Same Here UnOrthodOx we decorate the inside for us, the outside is for the public. I wouldn't care if I lived out in the woods id still decorate our house. I do it for myself and my family.


----------



## RCIAG (Jul 19, 2010)

This is a great thread! I find it interesting how many don't bother to do inside or ONLY inside.


----------



## creepymagic (Apr 16, 2012)

We do the entire house inside for our parties, blowmolds and inflatables outside but by far the bulk of the decorating and all animatronics are inside. 

https://youtu.be/pXfaEHsxf08?list=PLkJSBIKfnc2NIWKrm4K7hXTyQqJg0ih19

There are many advantages inside, more control of the environment.


----------



## printersdevil (Sep 7, 2009)

Nice job, creepy magic!


----------



## fennyann (Sep 6, 2012)

I probably have more decorations inside my house than on the outside!


----------



## wdragon209 (Sep 3, 2013)

We decorate pretty much every room in the house. I'm also pretty sure every door has something on it. (One of the bedrooms always has a jointed scarecrow on it. We've named him Sammy.)


----------



## printersdevil (Sep 7, 2009)

Every inch of space I can find!


----------



## panther93 (Mar 25, 2015)

fennyann said:


> I probably have more decorations inside my house than on the outside!


Same here. I decorate more inside than outside.


----------



## panther93 (Mar 25, 2015)

This is my gothic gate from Halloween 2014.


----------



## Laurie S. (Dec 4, 2007)

Sadly, I can't trust my neighbors, even though this is still a pretty good neighborhood, so my interior decoration is very, very extensive. Very.


----------



## HalloweenKitten (May 30, 2015)

When my kiddo was younger I decorated outside almost exclusively to avoid broken decorations and extra cleaning. Now that he's a teen (and my cat is through with all kitten deviousness) we decorate inside more than before but it is confined mainly to the living room. But this year I plan to decorate inside even more to include the kitchen and bathroom  Since my hubby will be deployed during this Halloween I'm giving myself a little more free reign to decorate inside and out to distract myself from him being away.


----------



## Gnome (Mar 4, 2005)

vintage looking decor go inside for my household


----------



## HexMe (Jul 23, 2009)

Decorate inside? FOR SURE! Outside I can only decorate the day of, I decorate inside for me, so I can enjoy it all month long! Plus we have an open house so it needs to be decorated for that.


----------



## Savage Night (Jan 11, 2008)

Inside the BPPOS, everyday is Halloween, but I do go over the top nuts during the season. Now, as for outside, we used to put the whole enchilada up in early September, but ever since a few years ago, when some freaks stole about a thousand dollars and twenty years of collectible decos out of our yard, we throw everything up on H day, and take it down by midnight.


----------



## chromachord (Jul 25, 2014)

I always decorate the inside more than the outside. First of all, I live in an apartment, so I don't have much of an option. (Still extensively decorate the entryway, though!) When we lived in a house, I decorated outside, but not a lot of props due to weather. The props I did use were big/very fastened/very out of reach just in case anybody felt tempted to take anything.
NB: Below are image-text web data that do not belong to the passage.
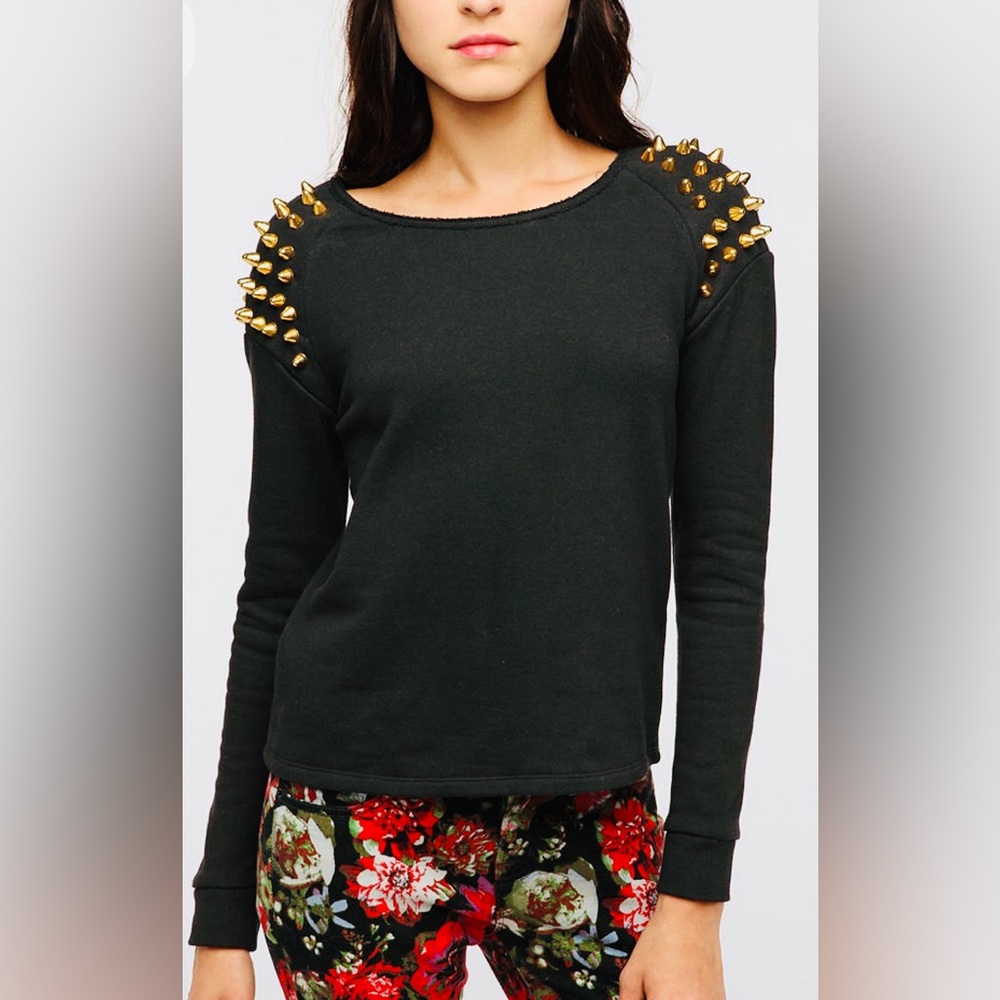 Silence + Noise Black Sweatshirt with Gold Studs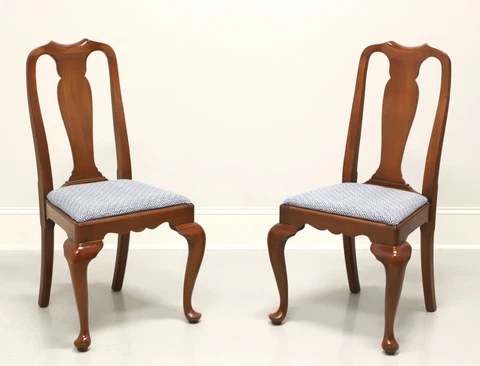 HENKEL HARRIS 109S 24 Wild Black Cherry Queen Anne Dining Side Chairs - Pair C Cover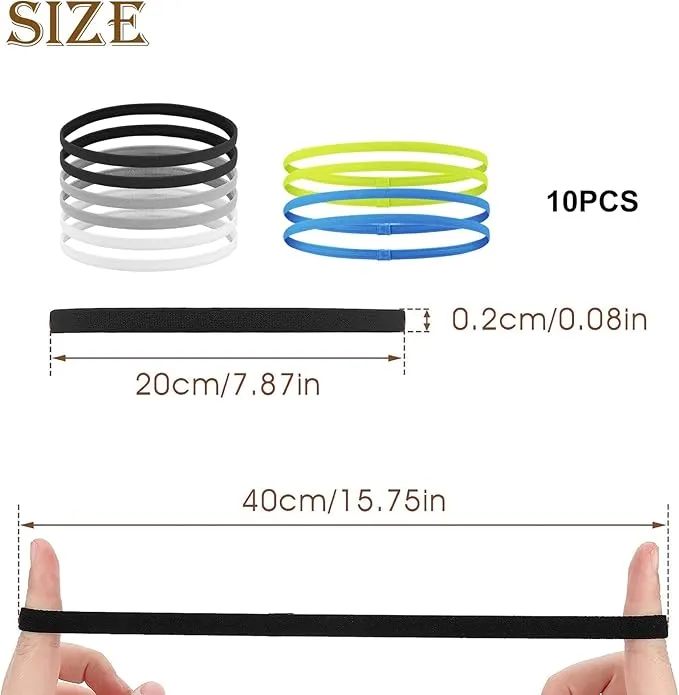 10 Pcs Boys Headband for Kids, Sports ,Men Women Elastic Sports Hairbands Non Slip Thin Headbands(Multicolour)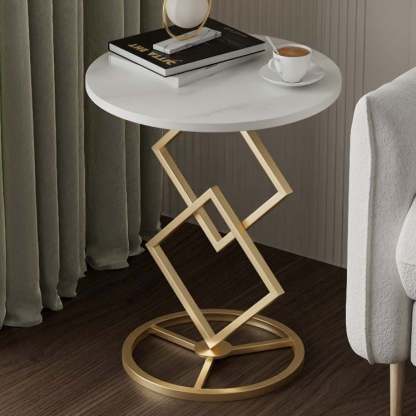 Transitional Iron Rock Slab End Table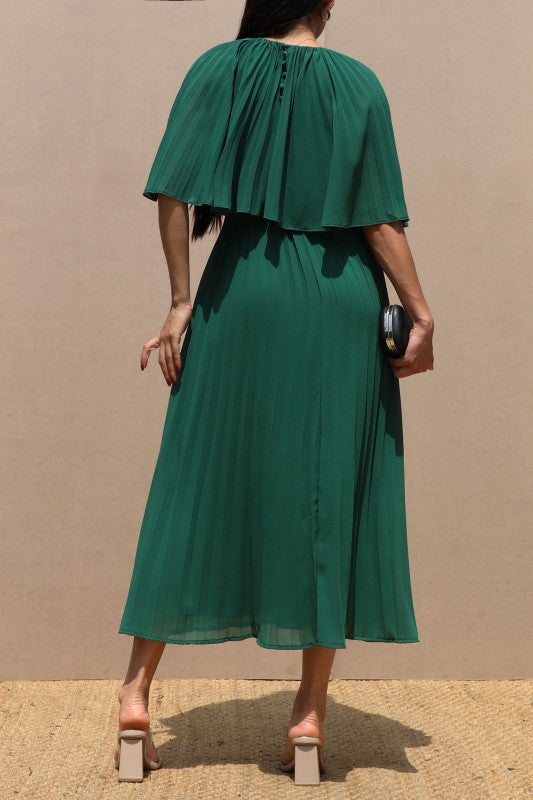 Green Cape Midi Dress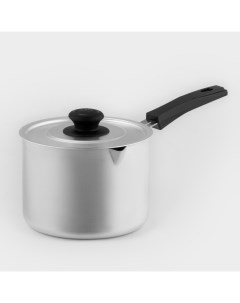 Ковш, 1 л, карбоновая ручка, с крышкой, штампованный алюминий, серебристый Белая калитва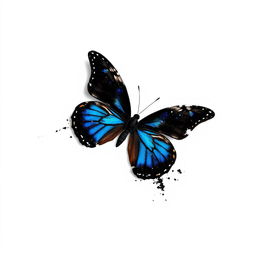 A black butterfly with vibrant blue accents, disintegrating in appearance, set against a clean white background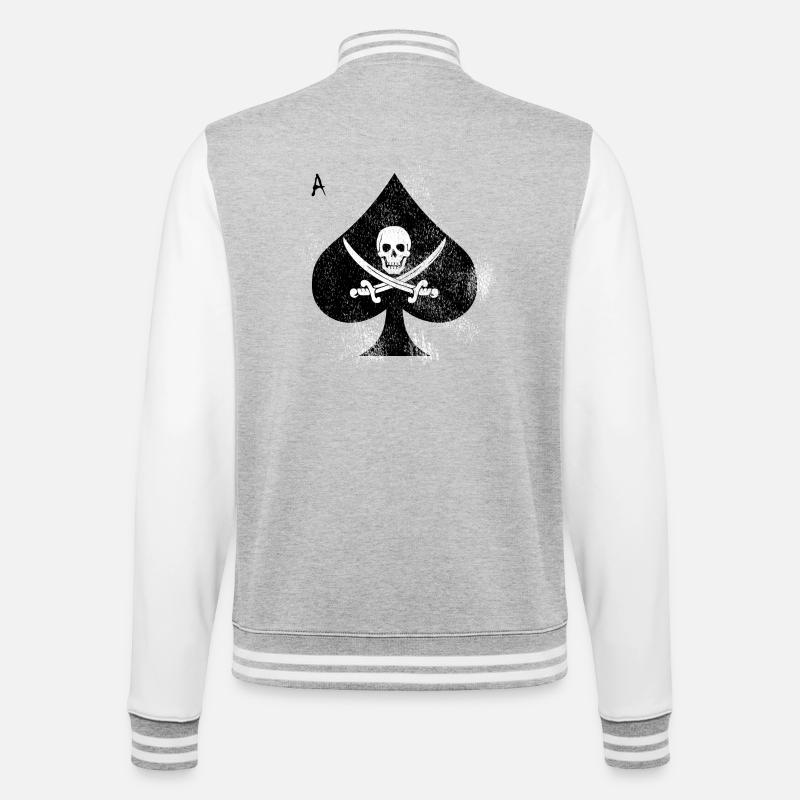 Spade Skull Pirates Design - Veste Teddy - gris chiné / blanc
There's also the problem with people who don't share the love of Halloween...we actually had people leave "Don't celebrate Halloween! It is the Devil's day! Turn to Jesus" cards and letters several times...oh well.

Edited to add last year's indoor décor pictures!

https://www.flickr.com/gp/chromachord/1F5Hxa


----------



## pumpkinhead86 (Nov 29, 2013)

I decorate inside!


----------



## Madame Leota (Sep 19, 2005)

My indoor décor has been taken down a few notches since my kids are grown and gone. When they were young, we decorated every inch of the house and made a lot of the decorations ourselves. The Halloween issue of Family Fun magazine provided lots of ideas and we made everything we could!
Now, I have much less tolerance for "stuff" and I get really claustrophobic with the clutter of knick-knacks so my indoor décor is now much more subtle. I decorate my fireplace, replace throw pillows, table runners, kitchen linens, etc. with fall/Halloween themed ones, and set up a few of my spooky town buildings. This year I am especially excited because we converted my son's old room into a home library and I will 10 linear feet of space on top of the bookcase wall to display my village!


----------



## America's Pumpkin Patches (Jun 5, 2015)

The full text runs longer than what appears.